Chere Stadler, director of the Girl Talk program at Weber, gives her views on the importance of this program within the school, stating, “The middle school girls benefit from having a mentor from whom they can learn tools to overcome everyday challenges to being a girl in our society. The program allows the leaders to change the narrative through curriculum development and provides an opportunity to share and hone self-care tools that will last a lifetime.” Girl Talk is an organization that isn’t only present in the Jewish community, but all over The United States. Many girls struggle with the pressures of social media, and this program helps to alleviate some of the stress that comes from life in the twenty-first century.
The purpose of Girl Talk, from the National Leadership Board is “to help girls recognize various styles, characteristics and approaches of leadership and then give them the opportunity to put them into practice.” It becomes essential to emphasize lessons such as leadership skills and independence at a young age, while having mentors to help cultivate these morals. In each Girl Talk chapter, there are the general members and the leadership board members, who assess and instruct the general members. Weber leadership board member Sydney Glazman shares her views about the importance of implementing this program into the community, remarking, “Girl talk is so important in this day and age because a lot of girls think they are alone. Some girls have no one to talk to at home like an older sister or mom.” As our generation continues to expand in social media, innocent minds of young girls may be consumed with peer pressure, anxiety, self esteem and depression.
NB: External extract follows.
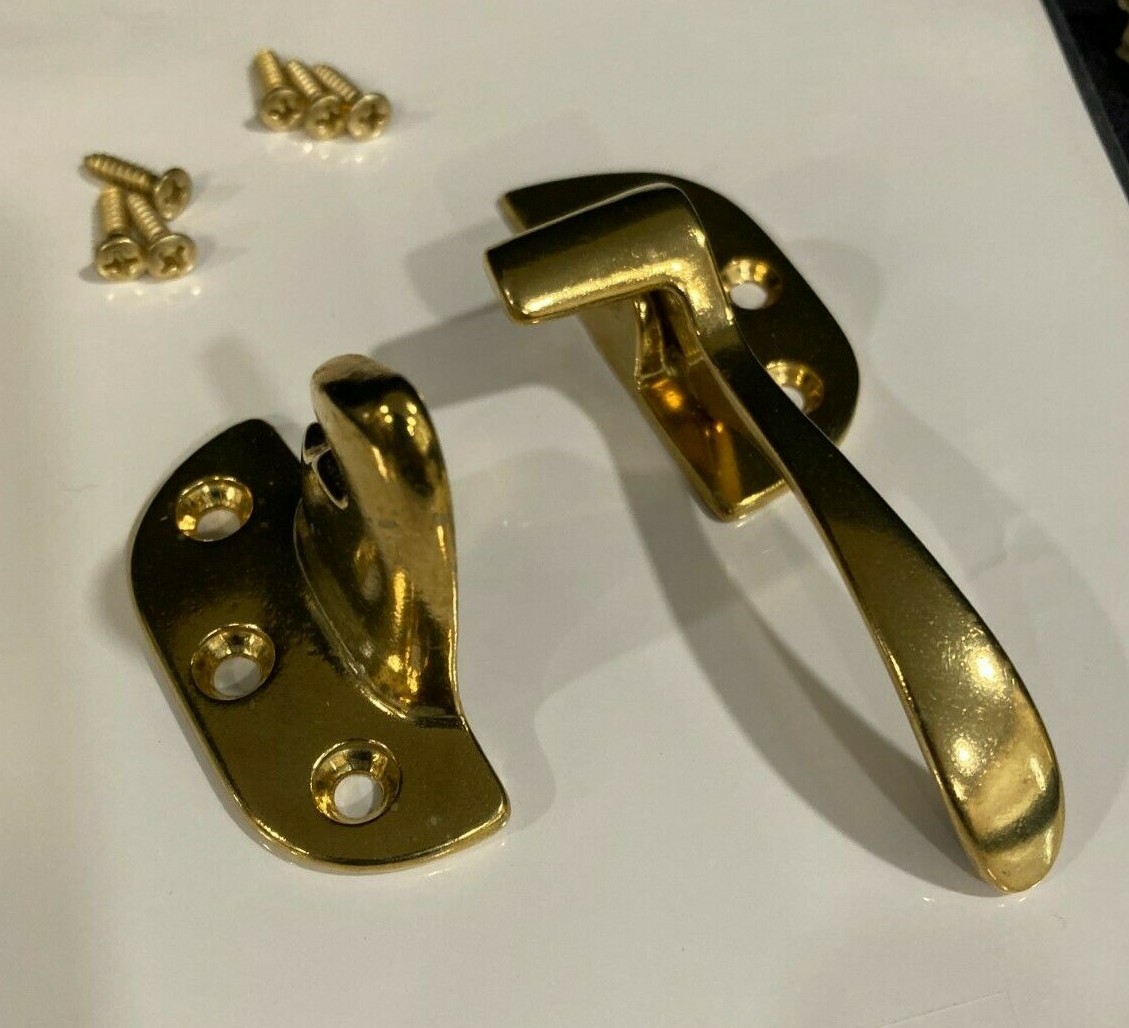 Right Door Lever Latch & Catch – Ice Box Furniture -Brass Finish 3/8″ Offset NEW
Not only is the program influential on middle school girls, but also on the mentors themselves. To gain the general or leadership board role, each girl has to be notably qualified for the position. Glazman mentions characteristics of an ideal mentor, stating, “Leaders must have confidence in themselves before applying for a leadership position. Confidence is a huge characteristic that most teenage girls don’t have. In addition, the leaders have to know how to be sensitive to their middle schoolers problems.” Stadler was also asked what important characteristics for a mentor are, and she states, “Girl Talk leaders must hit the ground running and should present solid communication skills – both verbal and nonverbal, self-confidence, and an understanding of appropriate role modeling as evidenced by their participation in a group interview.” The program gives the comfort to middle school girls that they do not necessarily receive at home. It is essential to gain this time with a mentor as a young girl, because the life lessons taught can truly help guide them through their future. Spreading the program to schools all over the world will benefit girls of every age, and teach them that they are not alone with the many challenges they face growing up.